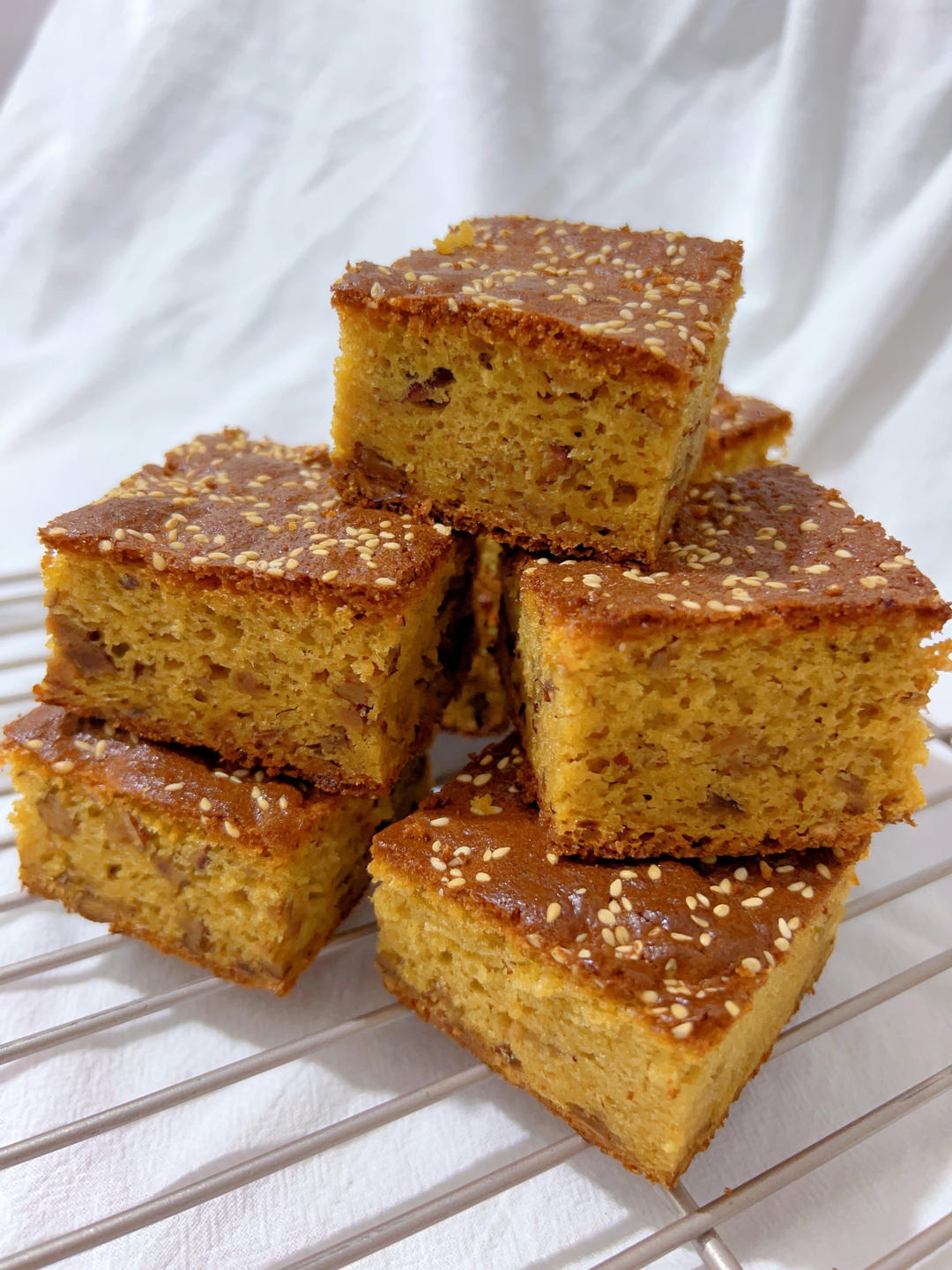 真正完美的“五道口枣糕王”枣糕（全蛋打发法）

◇ ◇ ◇ ◇ ◇

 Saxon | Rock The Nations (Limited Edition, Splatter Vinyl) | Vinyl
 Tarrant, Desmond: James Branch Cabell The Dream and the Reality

◇ ◇ ◇ ◇ ◇

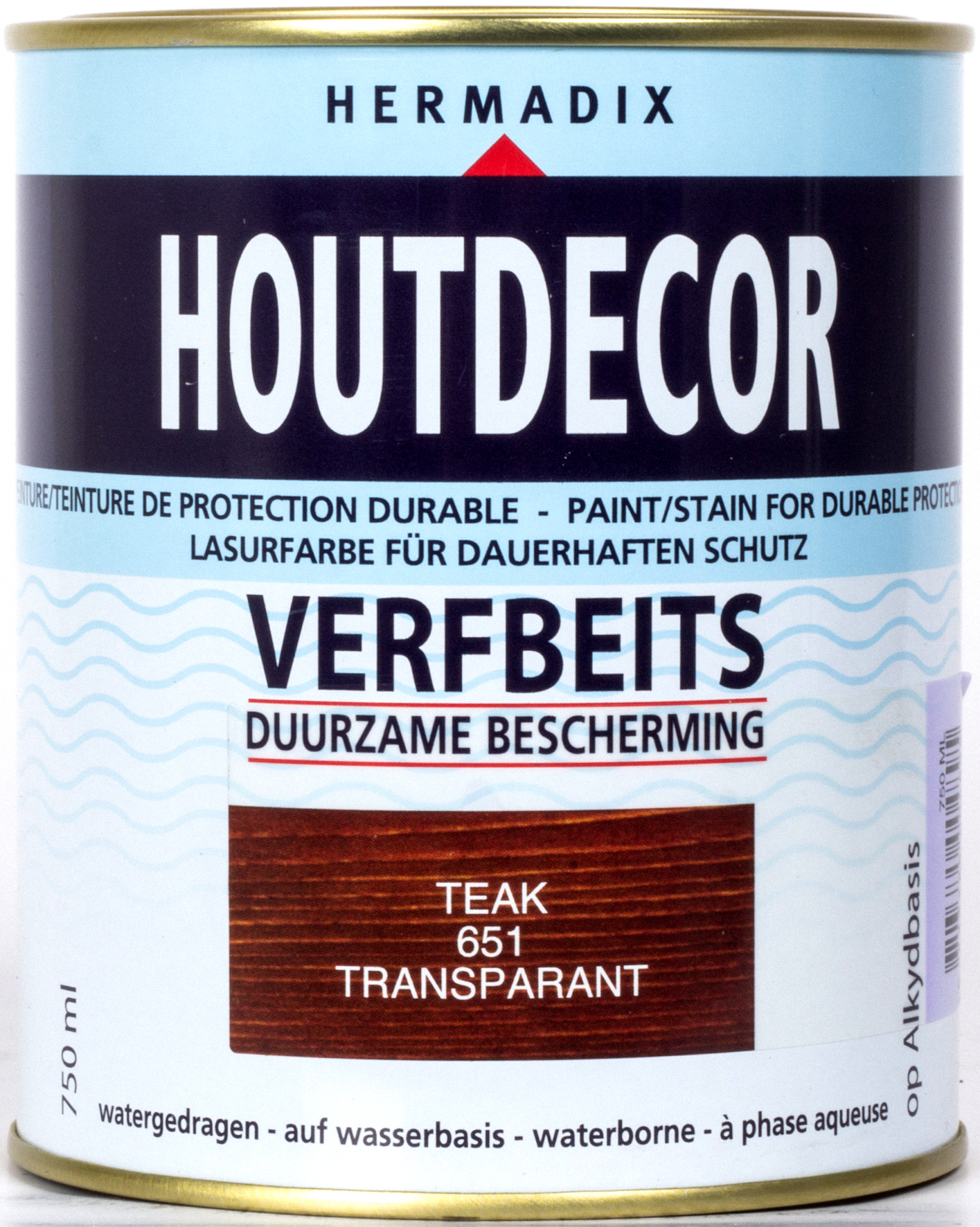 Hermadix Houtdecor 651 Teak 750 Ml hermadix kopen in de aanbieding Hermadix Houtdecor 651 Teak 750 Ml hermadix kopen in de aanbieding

◇ ◇ ◇ ◇ ◇

**Task requirements**
Out of the listing above, reproduce exactly the lines from the one with "Saxon | Rock" up to and including the one with "Tarrant, Desmond: James".

**Response**
 Saxon | Rock The Nations (Limited Edition, Splatter Vinyl) | Vinyl
 Tarrant, Desmond: James Branch Cabell The Dream and the Reality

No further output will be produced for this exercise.